The fault in the distribution line must be detected, and Smart Meters must be installed to identify the fault. The installation cost can be reduced by reducing the number of fault detectors. A necessary optimization approach should be employed to reduce the number of Smart Meters and discover the ideal location of a smart meter. A Jellyfish-based optimization approach is used in this paper to discover the ideal position of the smart meter. The objective function of the Optimal Placement Problem (OPP) is given by:

$$J=min{\displaystyle \sum }_{k=1}^n{Z}_k$$

(32)

Subject to $\left[A\right]\ast \left[Z\right]\ge \left[b\right]$ where A represents a matrix of connectivity, and n denotes the buses’ number. The $A_{ij}$ element of matrix A is represented as follows:

$$A_{ij}=\{\begin{array}{cc}1& \hfill if i=j\\ 1& \hfill i and j are connected\\ 0& \hfill otherwise\end{array}$$

(33)

whereas B represents a column matrix and is described as $\left[b\right]={\left[\mathrm{11111.....1}\right]}_{1XN}^T$.

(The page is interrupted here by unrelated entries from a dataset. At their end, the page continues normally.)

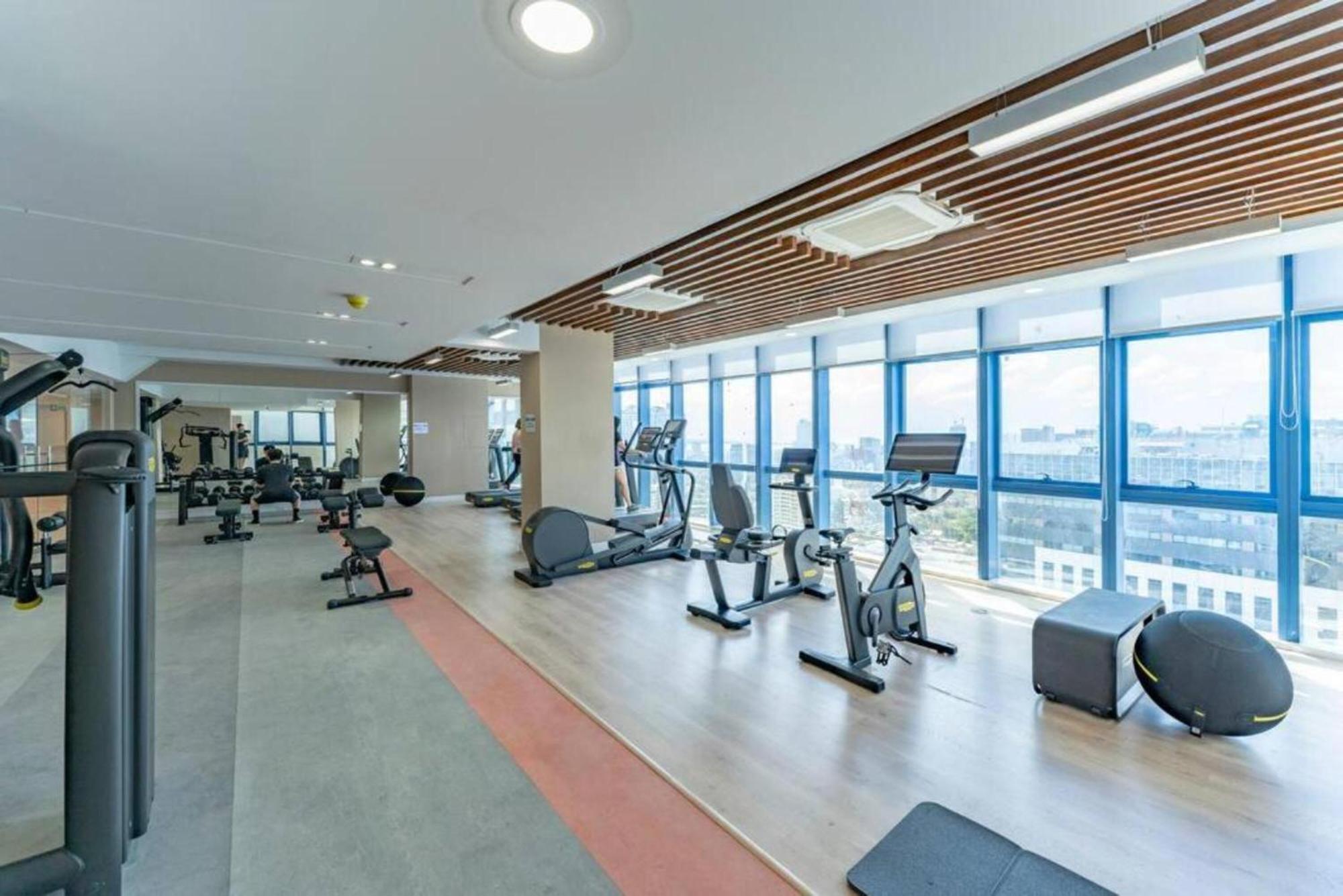38 Park Ave 207 *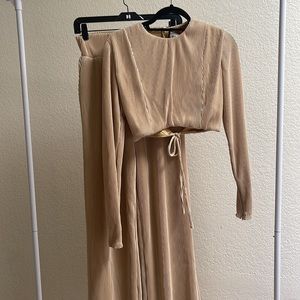 BBXBRAND Set Brand New with Tags-Great for holiday Parties!!!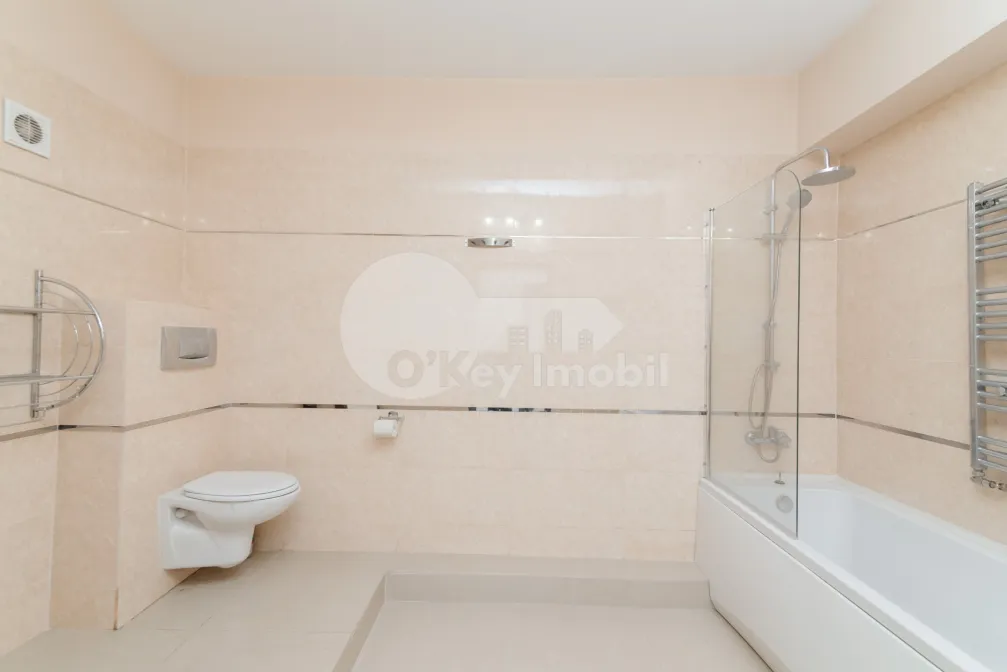 Apartament, Centru, PETRU RAREȘ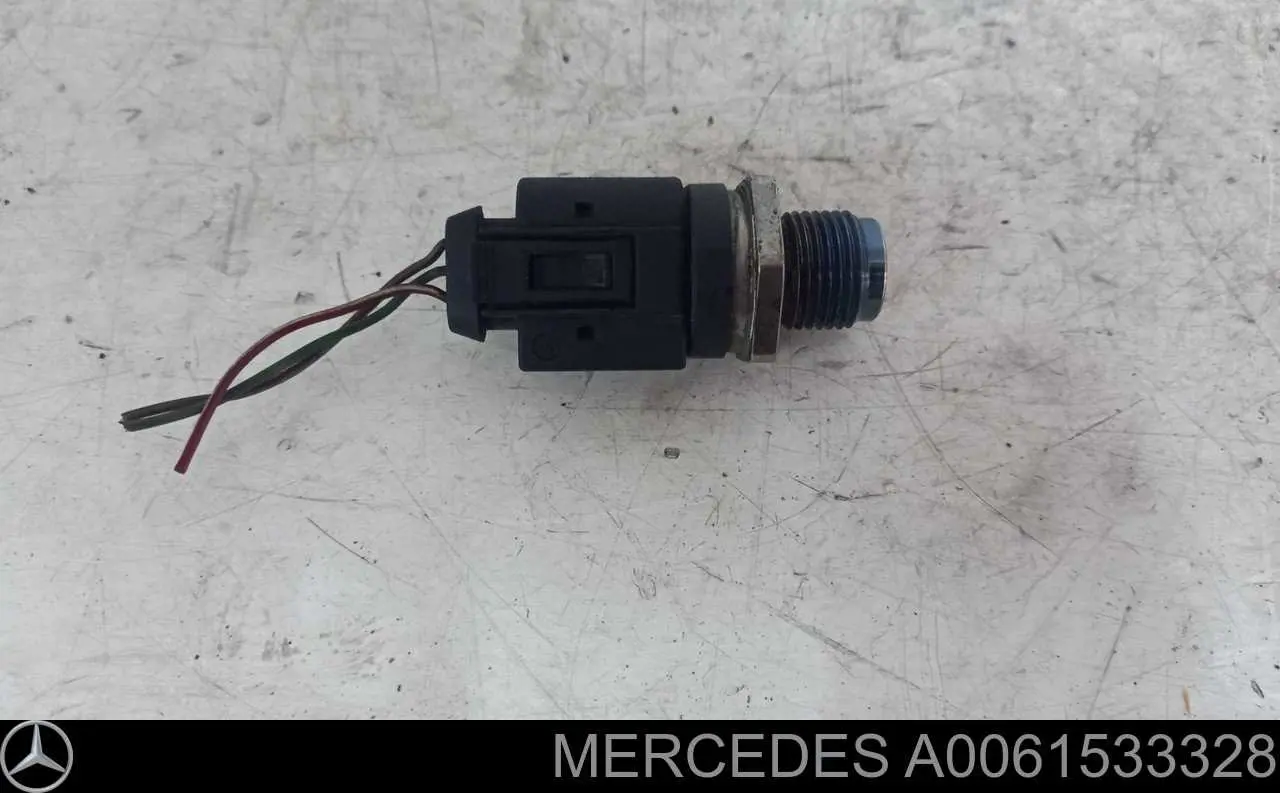 A0061533328 Mercedes датчик давления топлива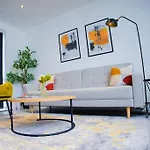 Isinmi Home - Close To Mcr City
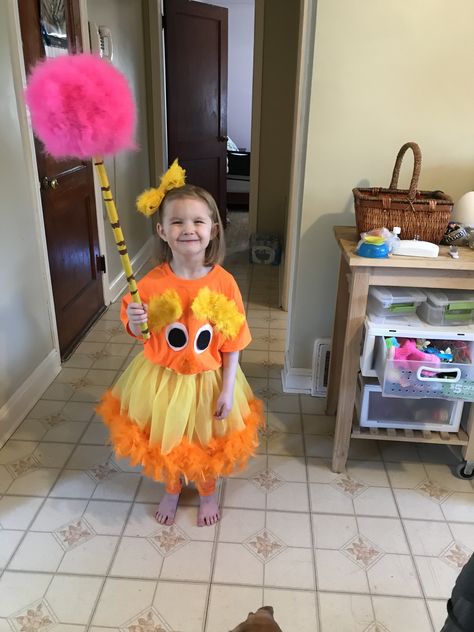 Diy Lorax Costume, Diy Lorax, Dr Susse, Lorax Halloween, Dr Seuss Diy Costumes, Mustache Diy, Lorax Costume, Mom Costumes, Book Character Day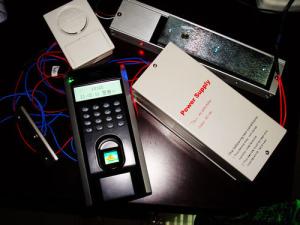 China OEM Hot Sale Fingerprint Access Control Gate Entrance F7 on sale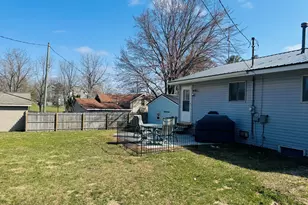 305 Monroe Ave, Big Rapids, MI 49307 - Photo 26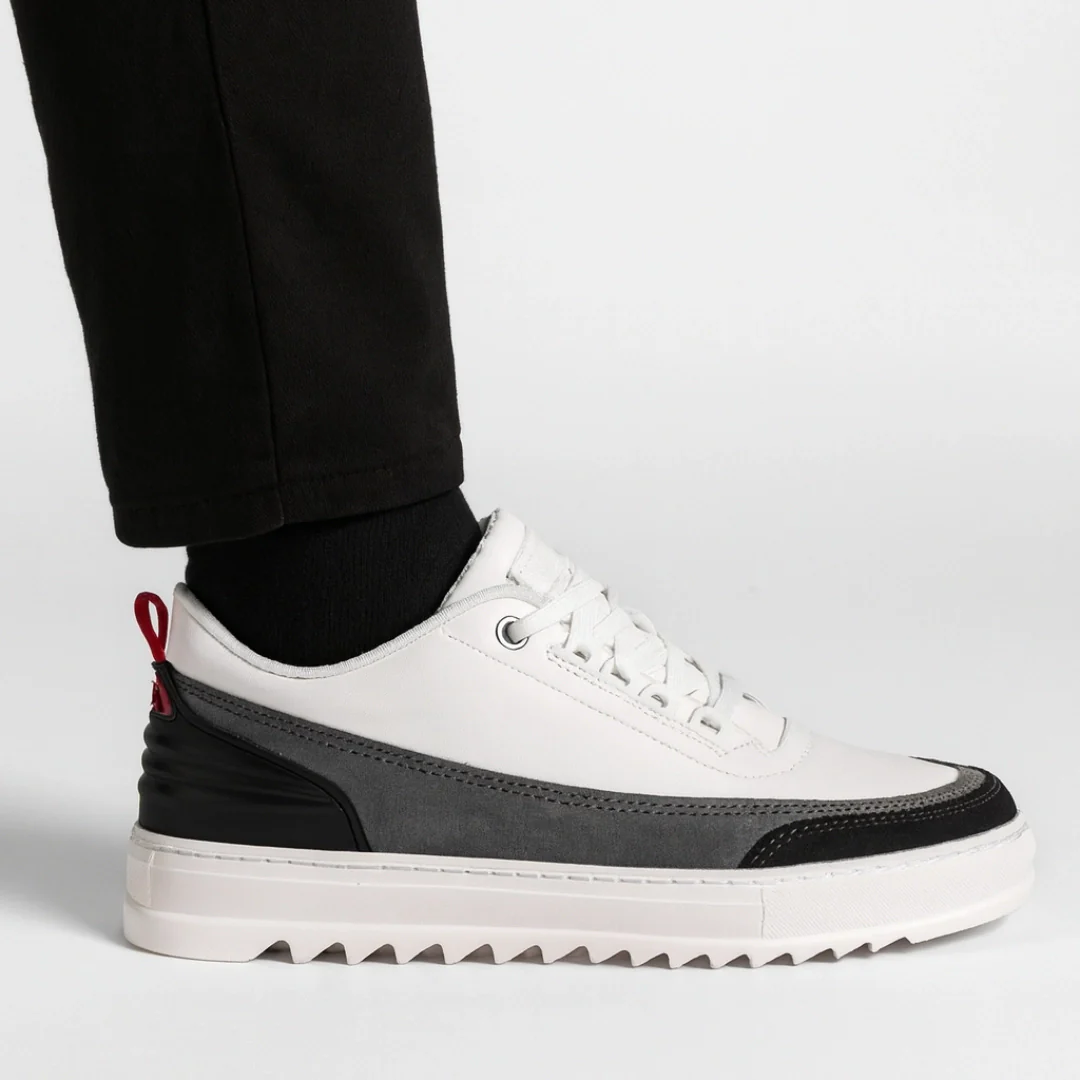 Zapato con elevación oculta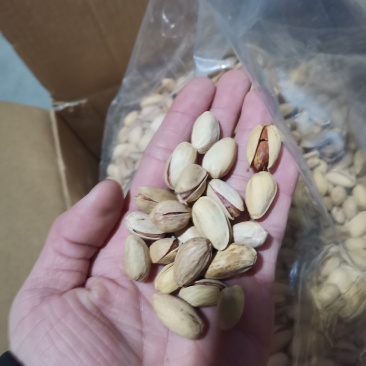 （包邮）新疆坚果开心果，原味奶香味，机开，自开。中通快递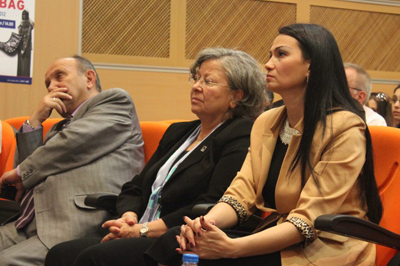 qenire-pasayeva-men-ona-yaziqlar-olsun-deyerdim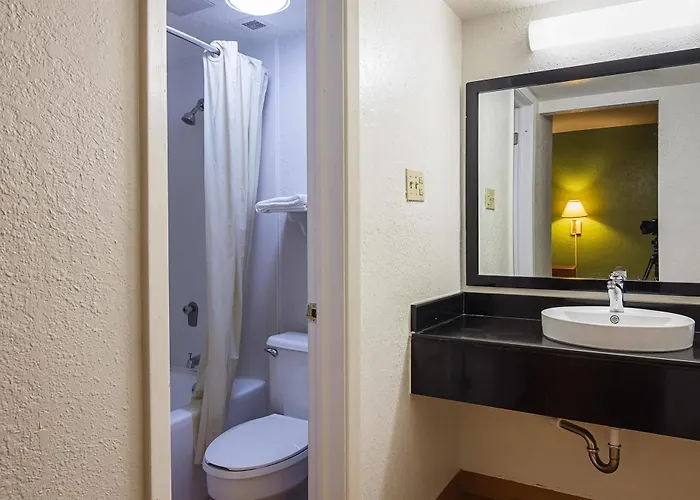 Baymont By Wyndham Broken Arrow 2*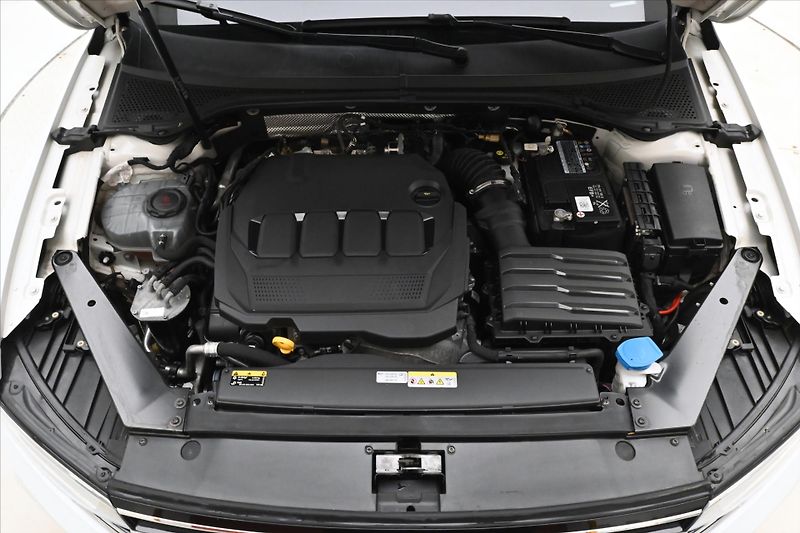 Volkswagen Passat 2,0 TDI 110 kW DSG ELEGANCE Zá - fotka 9 z 32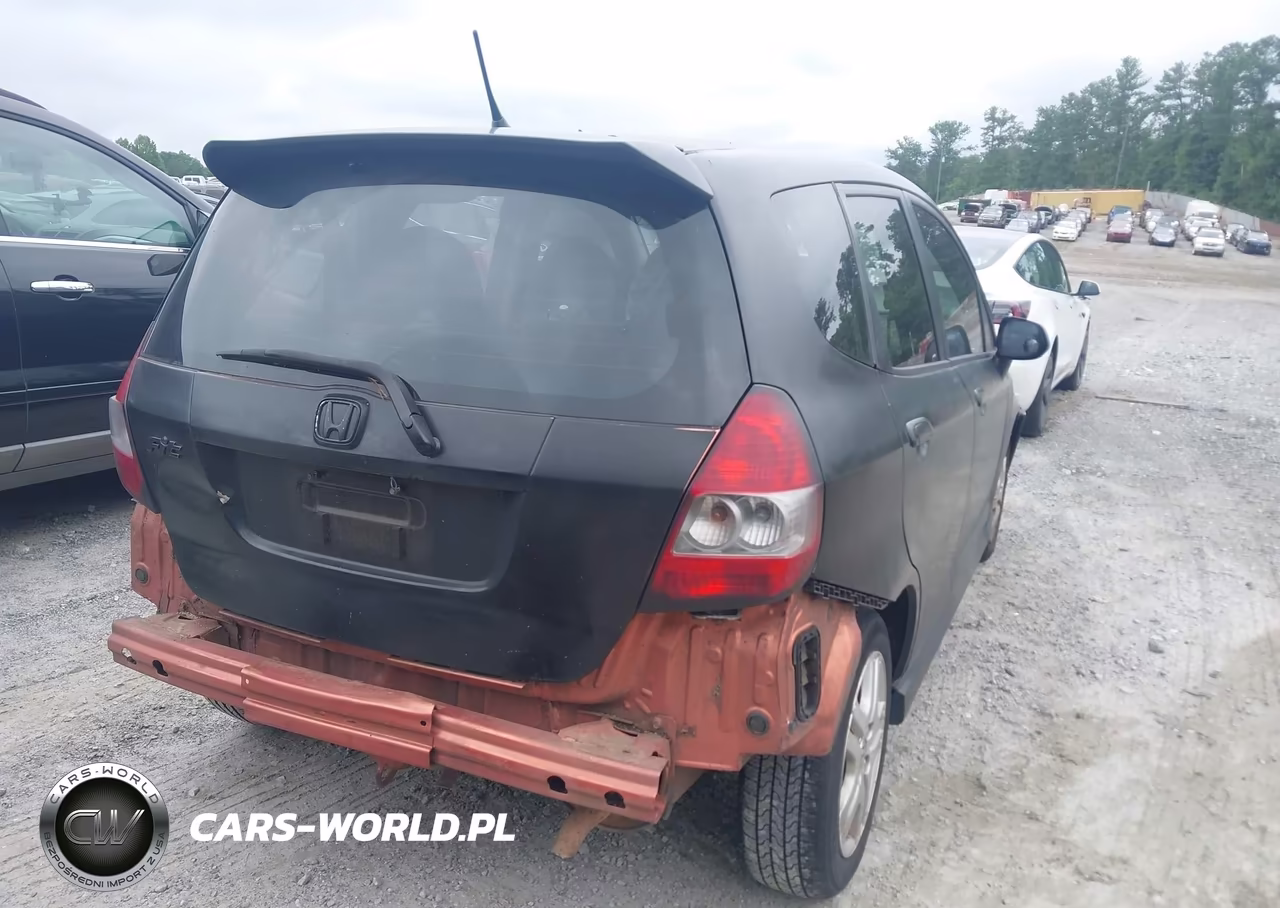 2007 Honda Fit Sport VIN:JHMGD38687S022421 - 4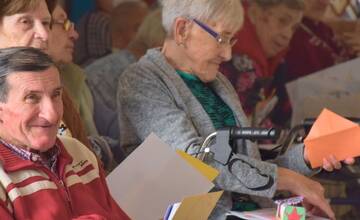 FOTO: Listy od detí z rôznych kútov Slovenska potešili košických seniorov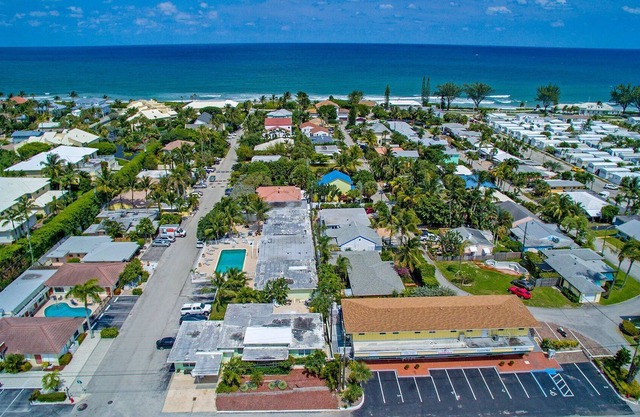 Boutique style apartment in a dream location with pool 200 meters from the beach R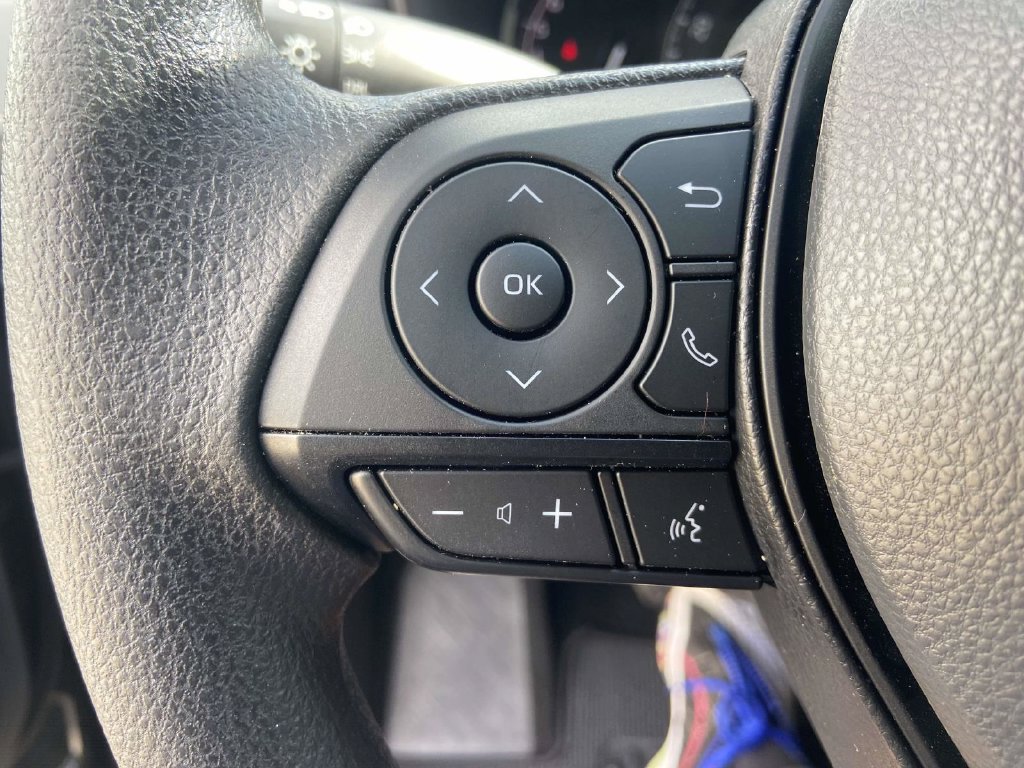 Used 2025 Toyota RAV4 LE FWD image 32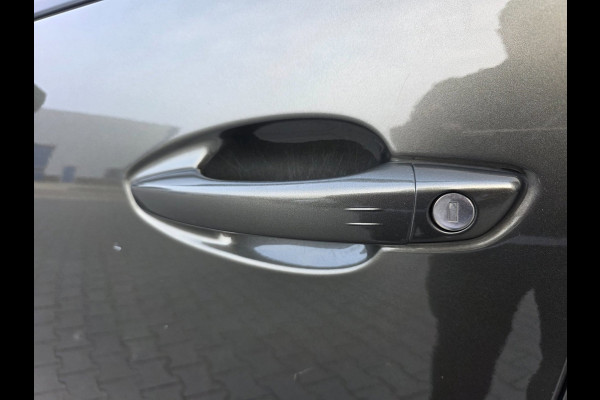 Peugeot 5008 1.2 PureTech Premium Allure | PANO | STOELVERWARMING | MEMORY | CAMERA | NAVI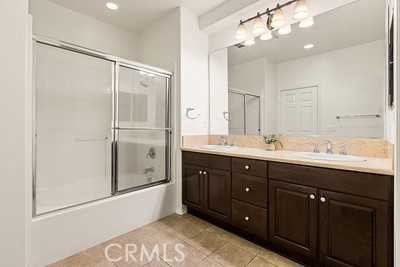 https://media.crmls.org/medias/a42ab703-f53b-4b2a-b06a-5d35e47860c1.jpg?preset=X-Large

The first step in the index technique [40] is to pick the bus that serves as the system’s terminal. The bus that serves as the system’s terminal is the bus that is linked to no more than one other bus in the whole network. A smart meter that is installed on the terminal bus is only able to monitor a maximum of two buses at a time: the terminal bus itself and the bus that is connected to the terminal bus. Therefore, the smart meter is positioned on the bus that is connected to the terminal bus being observed. After positioning the smart meters on the bus that is adjacent to the terminal bus, the search for the bus with the highest connectivity index, if there is one, is narrowed down to a single candidate. The number of previously undetected buses that may be seen through smart meters when it is positioned at a certain bus is what is meant to be understood by the term “connectivity index”. The value will be determined for the i^th bus by taking the negative of the sum of all of the components in the i^th row of matrix A.

If the connection indices of more than one bus are the same, the best bus to use is the one and only one that has the greatest evolution index, if there is one. When an additional smart meter is installed at a specific bus, while keeping smart meters at all other previously assigned locations unchanged, the total of all elements of the resulting A matrix is used to calculate the evolution index of the bus. This index is referred to as the evolution index. The presence of a high evolution index in a bus indicates that it is connected to other buses that have a reduced level of connectivity with the rest of the system. Because of this, priority should be given to that one bus in particular, which connects buses that are less accessible and not watched.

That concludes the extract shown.